Define the social welfare as the sum of payoffs for both players, i.e. $$SW(i,j)=A(i,j)+A(j,i)$$
Define the social-welfare of a (possibly mixed) equilibrium in a straight forward manner: $$SW(s_1,s_2) = \sum _{i\in [n]}\sum_{j\in [m]}SW(i,j)\Pr_{s_1}(i)\Pr_{s_2}(j)$$
Is it true that for a symmetric equilibrium $s$ (one has to exist from Nash theorm) and a asymmetric equilibrium $a$, $SW(s)\leq SW(a)$?
For example, consider the following simple game:
$A= \left( \begin{array}{ccc} 1/3 & 2/3 \\ 1/3 & 1/6 \\ \end{array} \right) $
And the column player profit, given by $A^t$ is:
$A^t= \left( \begin{array}{ccc} 1/3 & 1/3 \\ 2/3 & 1/6 \\ \end{array} \right) $
There exist a (pure-strategies) symmetric equilibrium where both players play strategy 1. The social welfare of this equilibrium is 2/3.
A (pure-strategies) asymmetric equilibrium exist as well, where some player (say the rows player) plays strategy 1 while the other plays 2, and this gives a social-welfare of 1.

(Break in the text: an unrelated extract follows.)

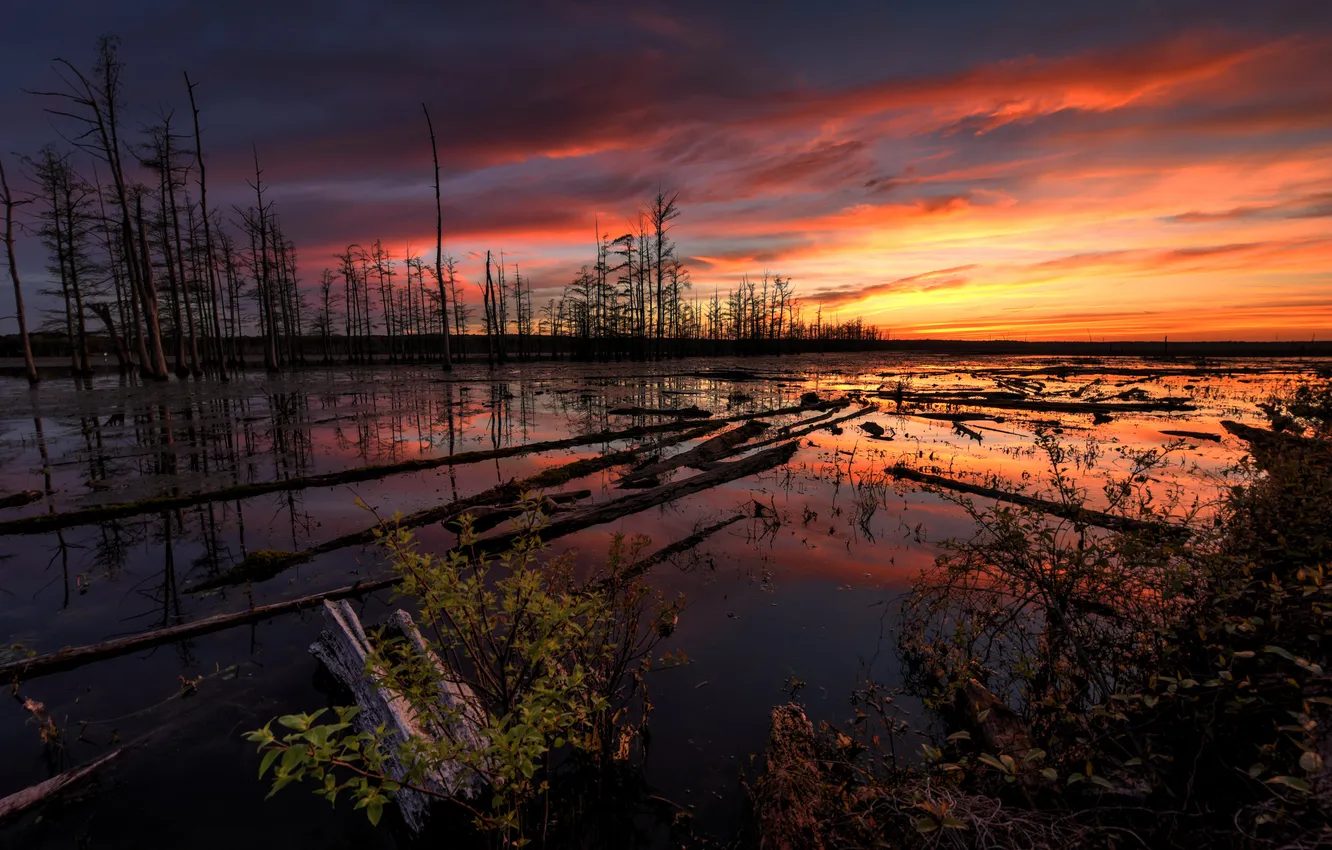 Photo wallpaper forest, sunset, nature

EDIT: Stef's answer made me think if the statement failed because the strategies in the symmetric equilibrium support were different than the ones in the asymmetric equilibrium. I've created a new question to discuss this possibility here.

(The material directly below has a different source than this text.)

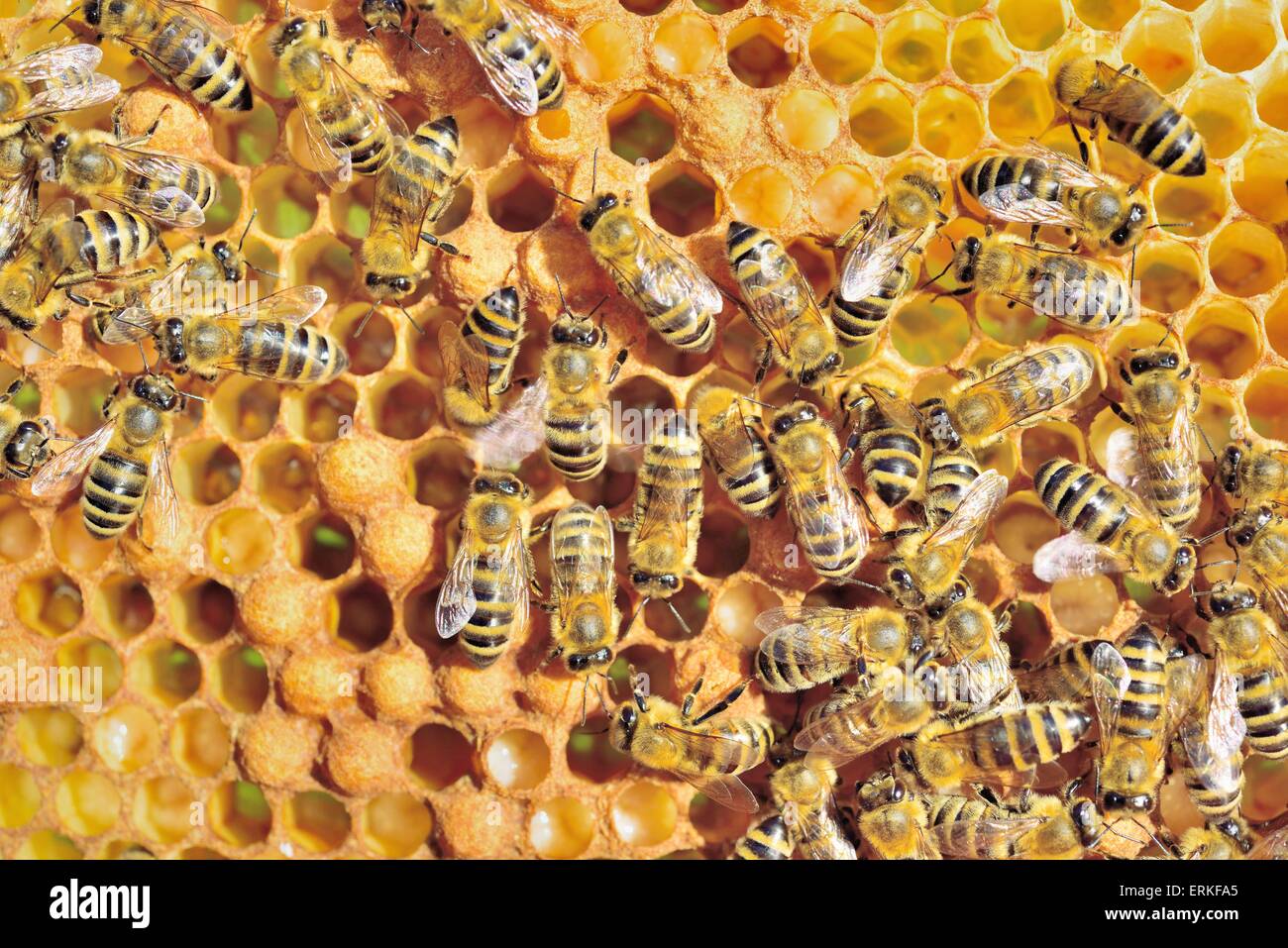 Il miele europeo api (Apis mellifera Carnica var.) durante la cura di covata a nido d ape con larve, Baviera, Germania Foto Stock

No, it is not true. Consider the game with payoff matrices $$A=\begin{pmatrix}0&0&1/5\\0&1&0\\1/5&0&0\\\end{pmatrix} \quad \text{ vs } \quad B=A^T=\begin{pmatrix}0&0&1/5\\0&1&0\\1/5&0&0\\\end{pmatrix}$$ Then $e^2 \text{ vs } e^2$ is a symmetric Nash equilibrium with payoffs $(1,1)$ but $e^1 \text{ vs } e^3$ is an asymmetric Nash equilibrium with payoffs $(1/5,1/5)$.